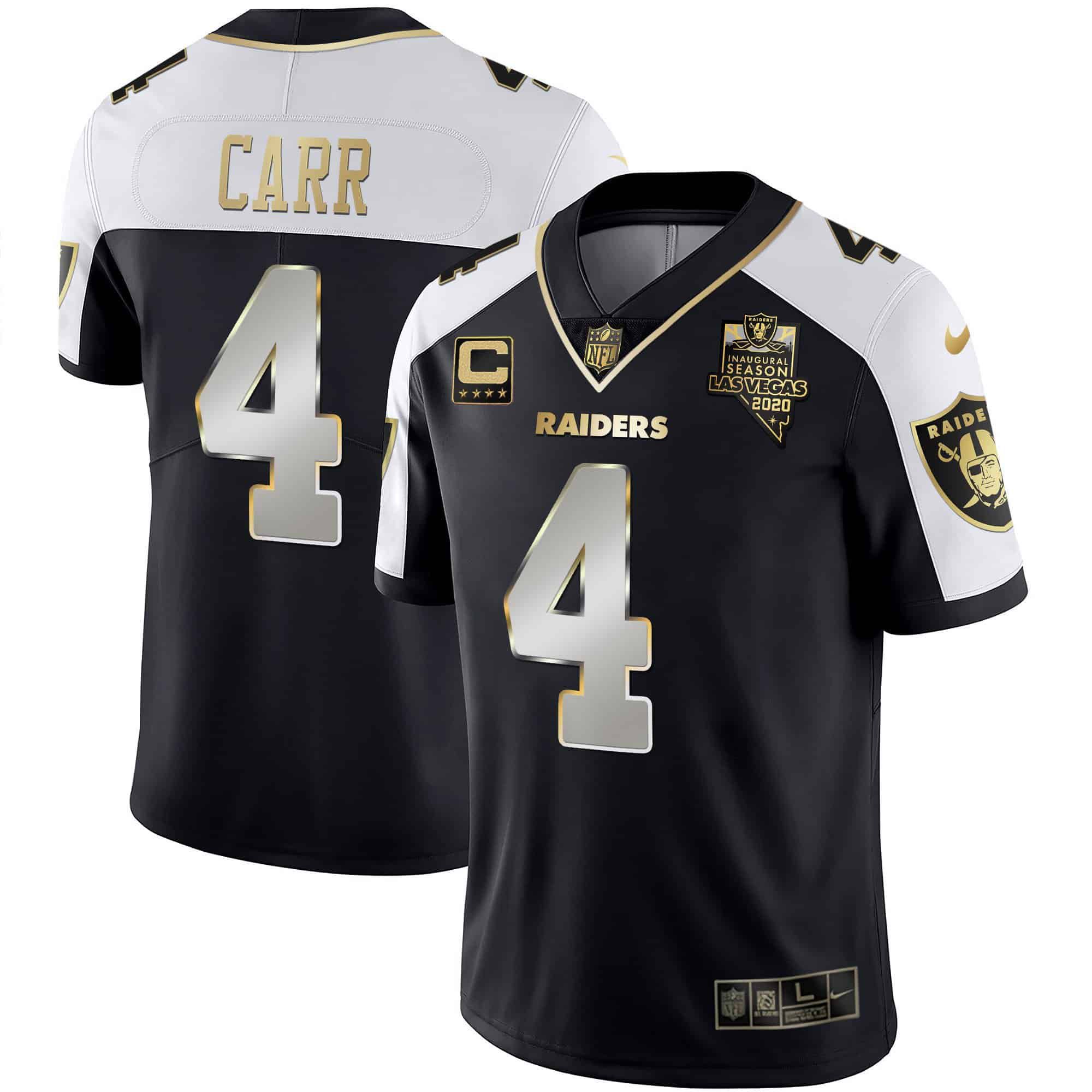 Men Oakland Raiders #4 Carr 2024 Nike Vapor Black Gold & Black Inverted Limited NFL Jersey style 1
☆ ☆ ☆ ☆ ☆
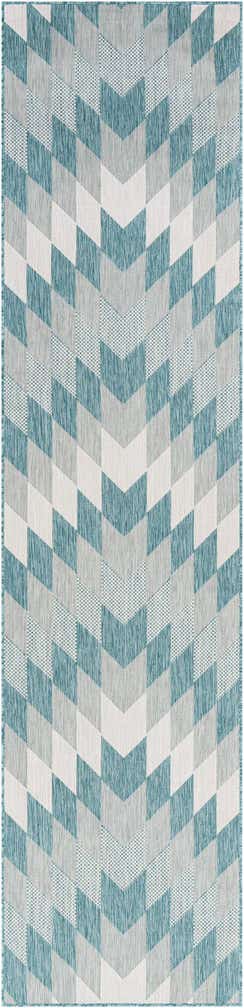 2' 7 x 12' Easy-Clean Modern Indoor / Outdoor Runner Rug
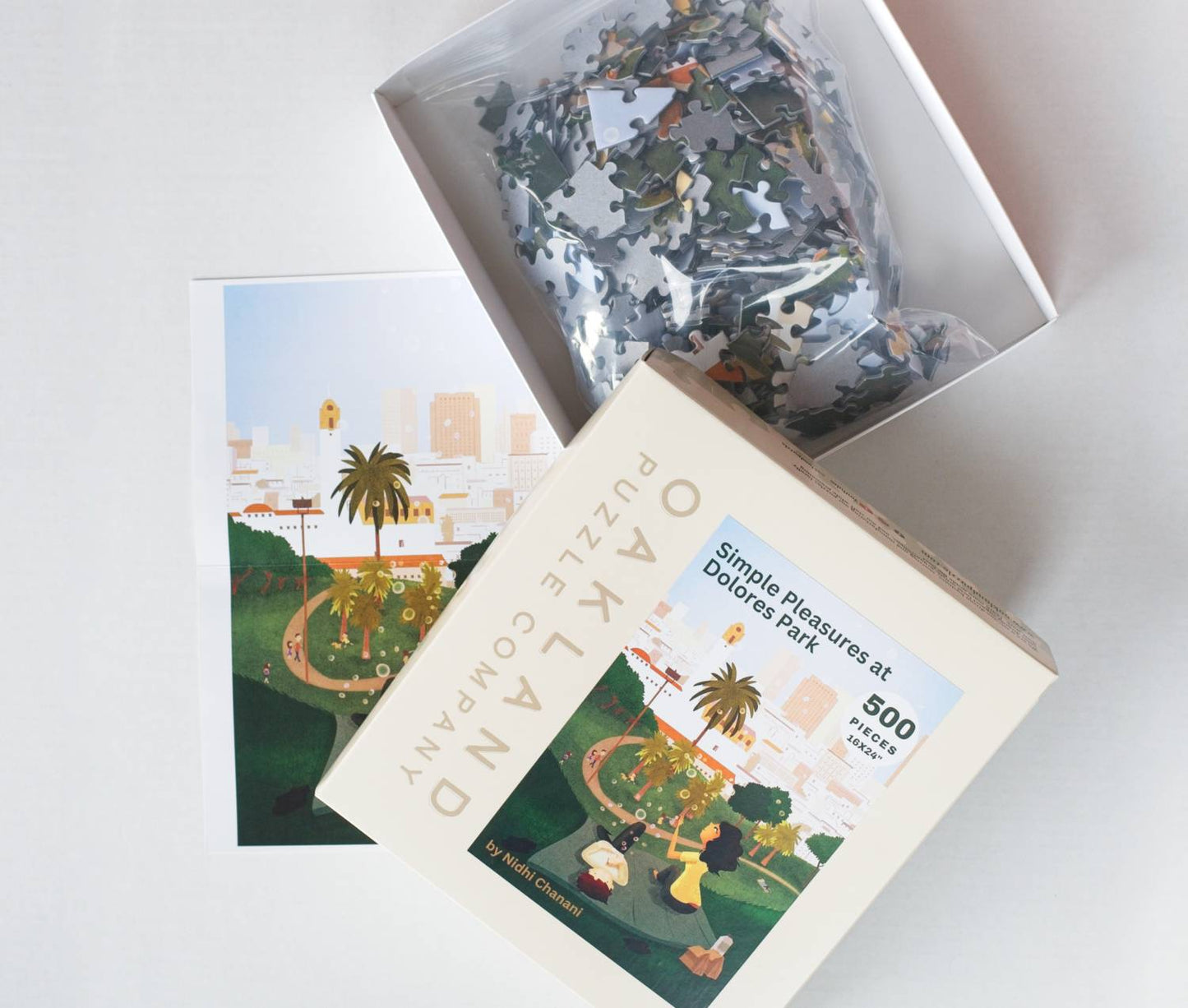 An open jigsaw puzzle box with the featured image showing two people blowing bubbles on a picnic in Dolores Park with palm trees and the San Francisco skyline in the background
☆ ☆ ☆ ☆ ☆
Using the data above, copy exactly the lines from the one containing "2' 7 x 12' Easy-Clean" to the one containing "An open jigsaw", inclusive. Exclude the pictures.

 2' 7 x 12' Easy-Clean Modern Indoor / Outdoor Runner Rug
 An open jigsaw puzzle box with the featured image showing two people blowing bubbles on a picnic in Dolores Park with palm trees and the San Francisco skyline in the background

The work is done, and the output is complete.